Recently, Japanese lawmakers enacted a law providing flexibility to new fathers while seeking paternity leave. In India, ever since Captain Virat Kohli informed his decision to take paternity leave, social media stormed with debate and opinions. Increased attention to paternity leave and its benefits is the need of the hour to reduce the social stigma around it and make it mainstream.
Present Status of Paternity Leave in India
While there is no legal provision of mandatory paternity leave in India, under Central Civil Services Rules (1972), the male employee can seek 15 days off before or within six months of delivery of a child. It is interesting to note, this provision extends to the cases where children are adopted. The leave is paid leave with the same salary last drawn before proceeding for paternity leave.
In 2017, the Paternity Benefit Bill was introduced in Loksabha, mandating 15 days of leave extendable up to 3 months. The bill was proposed to recognize the equal role of fathers in childcare, and allowing them time to bond with a child without compromising on providing for the family.
Recently, the central government announced that single male government employees who are single parents raising a child are entitled to ‘Child Care Leave’. Earlier this provision was only applicable to women employees.
As of now, the private sector in India has no legalization for paternity leave. Despite no mandatory provisions, in 2009 Chandra Mohan Vs N.K. Bagrodia Public School Case, Delhi High Court passed a judgment that allows paternity leave in private schools. While this judgment did not go ahead to pioneer the policy change, it does stand to show that there have been fractions in India to give men the opportunity to bond with newborns. Lack of legalization in the private sector has made paternity leave open to interpretations by individual companies.
Need of the Hour
The benefits of paternity leave will go beyond breaking patriarchy and gender stereotypes. We need to change the traditional system where women are considered primary caregivers. Though it is a mother who gives birth, fathers are expected to be present emotionally and physically for both child and mother.
The Maternity Benefits Act serves as a shield for working women, providing them with an adequate route to manage personal and professional commitments. The legalization of similar lines for paternity leave will pave way for social change.
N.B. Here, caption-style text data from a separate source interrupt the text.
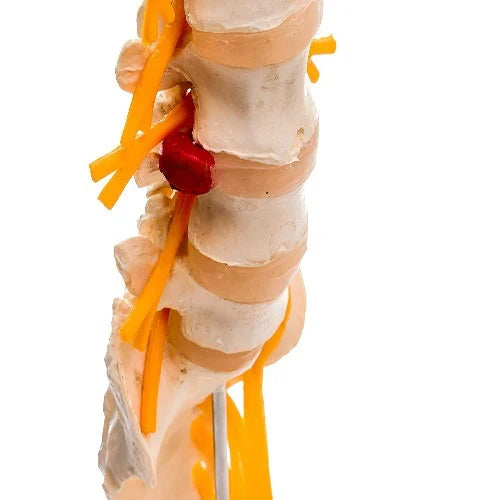 Lumbar Spine Model with Herniated Disc & Sciatic Nerve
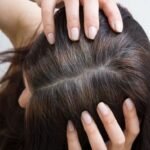 صورة لشخص يظهر عليه الشيب المبكر.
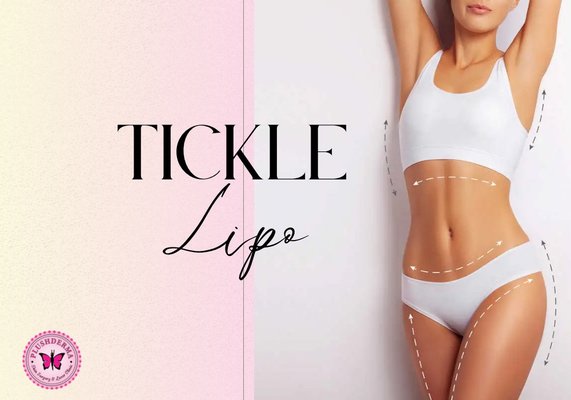 Tickle Lipo - Our Tickle Lipo is a quick in-office procedure with minimal downtime and quick recovery; it's great for body contouring or to get rid of stubborn fat and allows the skin to naturally tighten. Unlike traditional liposuction, Tickle Lipo is performed with a local anesthetic. Patients experience little or no discomfort. In fact, just a tickling sensation is usually reported. In addition to faster recovery times, the results of Tickle Lipo are immediately visible. Pricing for our Tickle Lipo varies per patient, in-person examination is needed to determine the cost. Contact us for a free consultation!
Also Read: Patriarchal Family Structure and Their Effects
Mandated Parental leave benefits all
In the Nordic countries where legal provisions for paternity leave are in place, a healthier social mindset is observed when fathers take equal participation in child care. Wife or female partner’s health too improved when their husbands and partners stayed with them during the early days of a newborn. Improves the parent-child relationship
Having provisions that allow fathers to take time off to spend with their infants will improve the chances of a meaningful relationship with both parents. Mandatory paternity leave can provide an opportunity for new fathers to spend quality time with the child and new moms without having to worry about work commitments.
Gender Equality benefits
1. It’s high time now that we as a society should stop reinforcing gender-based roles. The study shares several perks of parental leave. Traditionally Indian society considers women as default caregivers of children and men as breadwinners. That not only reinforce the gender-biased roles but also a growing child considers it to be a norm.
2. Creating an equal ground at the workplace: The mandatory maternity leave and absence of similar provisions for men turn out to hampering the female workforce as they face bias. Once paternity provisions are in place, it will level the field for both genders, leaving the employer with no choice but to provide benefits to either of the employees they hire.
3. Gender Disparity in India’s Labor Market- As per the Economic Survey 2020, the gender disparity in the labor market has widened due to reduced female participation. In the productive age group (15-59) around 60% of the female workforce is engaged in full-time domestic duties. Among all the reasons, such as attitude towards working women, sexual harassment, the gender pay gap, discrimination, safety, and motherhood, are glaring for women quitting work Lack of paternity leave provisions puts the entire burden of child-rearing on mothers. Traditionally, motherhood is expected to be above everything especially, above employment. Hence, mandated paternity leave will help in retaining new mothers at work.
MenCare, a global fatherhood campaign, released a report from Sweden where two months of paternity leave and 16 months of shared paternity leaves are offered. The report showed the months in which the father took leaves, the mother’s income was raised by 6.7%. The increase in income was way more than what women lost by taking parental leave.
In my concluding remarks, I would like to say, the parent-child relationship, the widening gap in gender disparity, discrimination at the workplace, Stereotypes about gender-bias roles, and paternity leave are complex issues. They need collective efforts from society to the government in various spheres and change in outlook and approach. Legal provisions for paternity leave will not solve all the problems, but it can be a reformatory step towards betterment.
The mandatory paternity leave in all spheres of employment will align India with global labor regulations and best practices.